Beneath this line sits some data. Return only its lines from the one holding "[Natalie Tarot]誰在占卜你？他想知道什麼？他想說什麼？(有字卡）無時間限制，時間軸在留言區💖💖💖 - 天天要聞" through the one holding "等候多时的中信BUG：PHILIPS 飞利浦 无线蓝牙声吧 HTL2160/93", inclusive, exactly, with the images removed.

**Records**
= Beginning of Section =
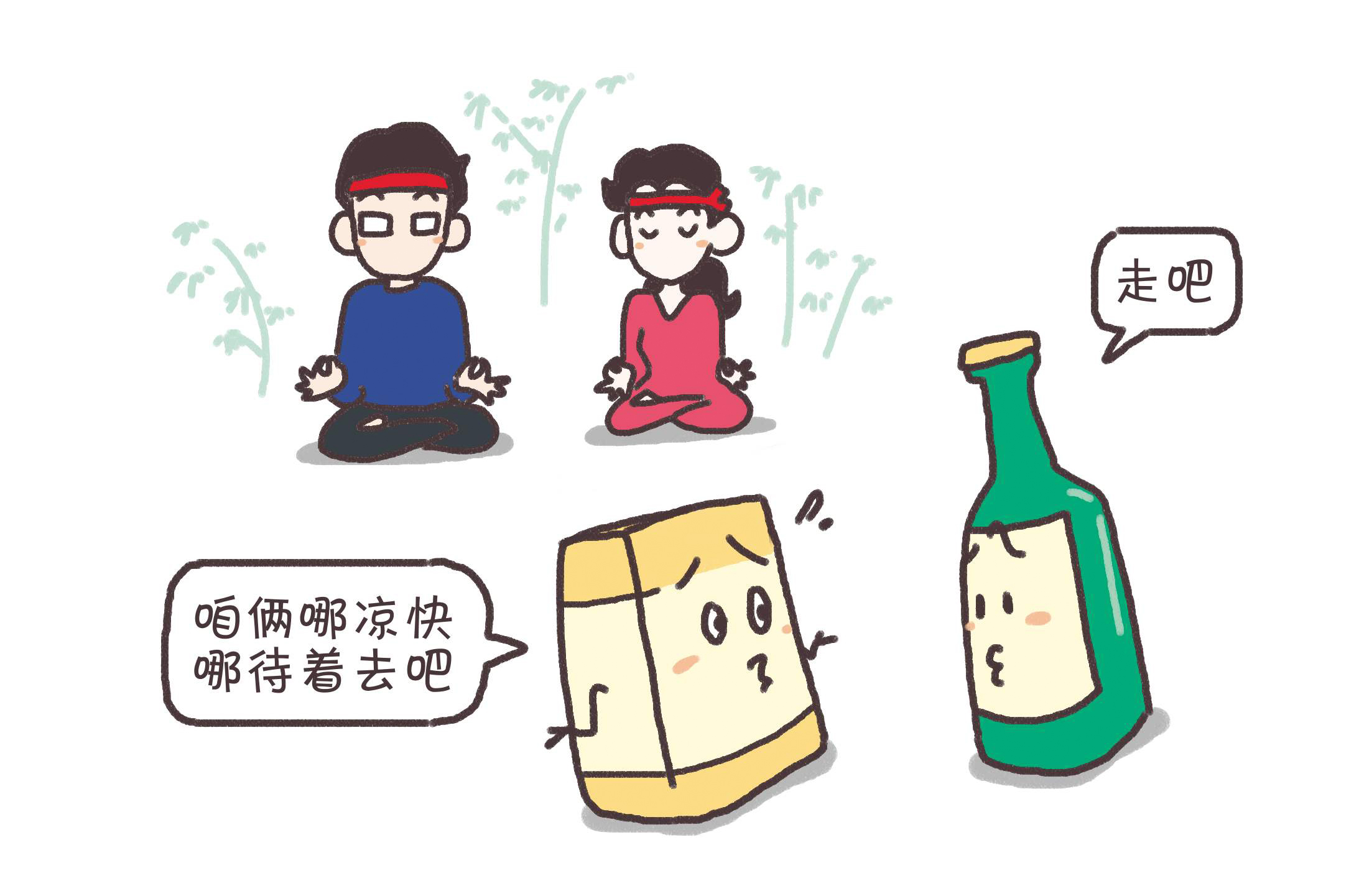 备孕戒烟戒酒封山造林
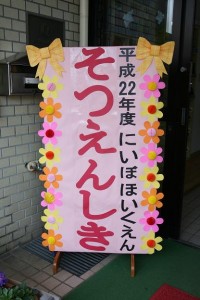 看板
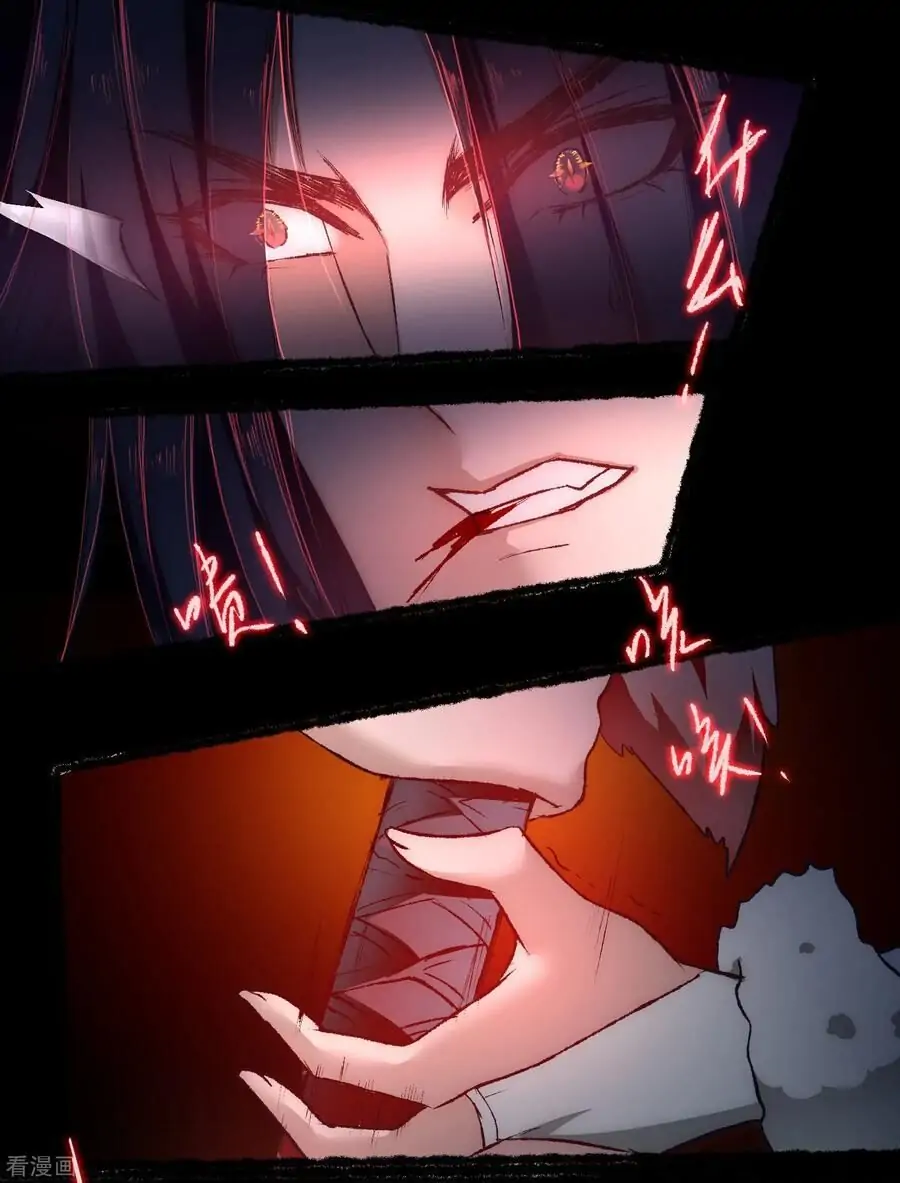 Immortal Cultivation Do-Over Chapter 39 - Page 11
= End of Section =
= Beginning of Section =
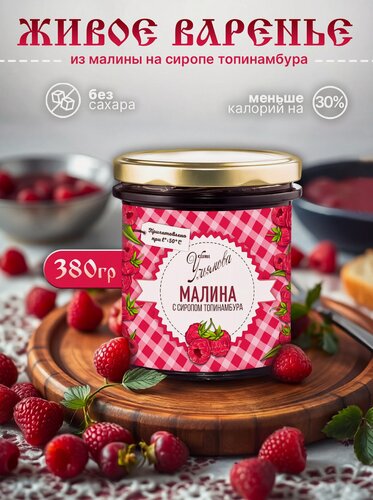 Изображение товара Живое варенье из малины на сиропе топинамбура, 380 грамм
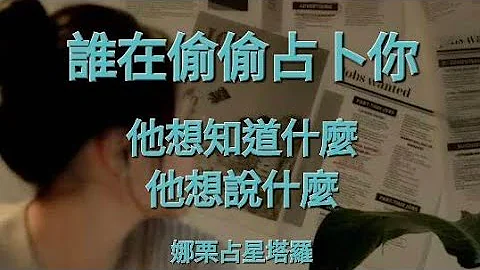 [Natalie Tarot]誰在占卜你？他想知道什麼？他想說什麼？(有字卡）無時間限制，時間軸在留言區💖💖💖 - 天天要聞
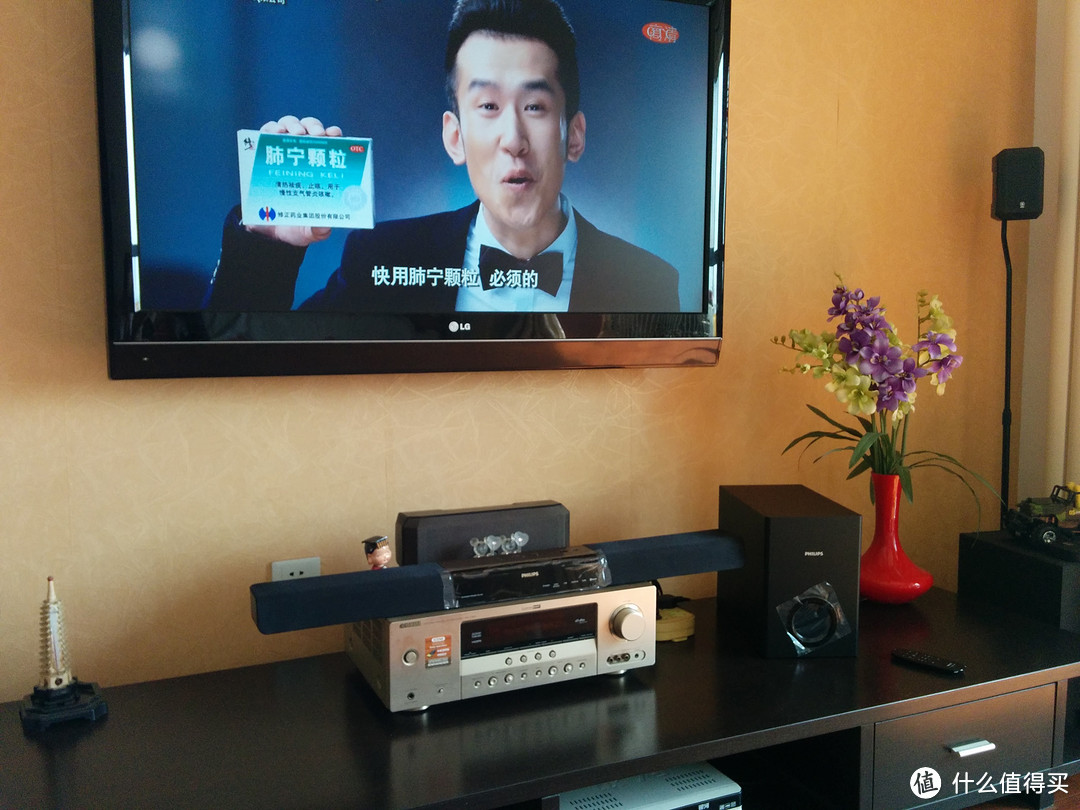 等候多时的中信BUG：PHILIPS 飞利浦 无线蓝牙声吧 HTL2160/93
= End of Section =
**Task output**
 [Natalie Tarot]誰在占卜你？他想知道什麼？他想說什麼？(有字卡）無時間限制，時間軸在留言區💖💖💖 - 天天要聞
 等候多时的中信BUG：PHILIPS 飞利浦 无线蓝牙声吧 HTL2160/93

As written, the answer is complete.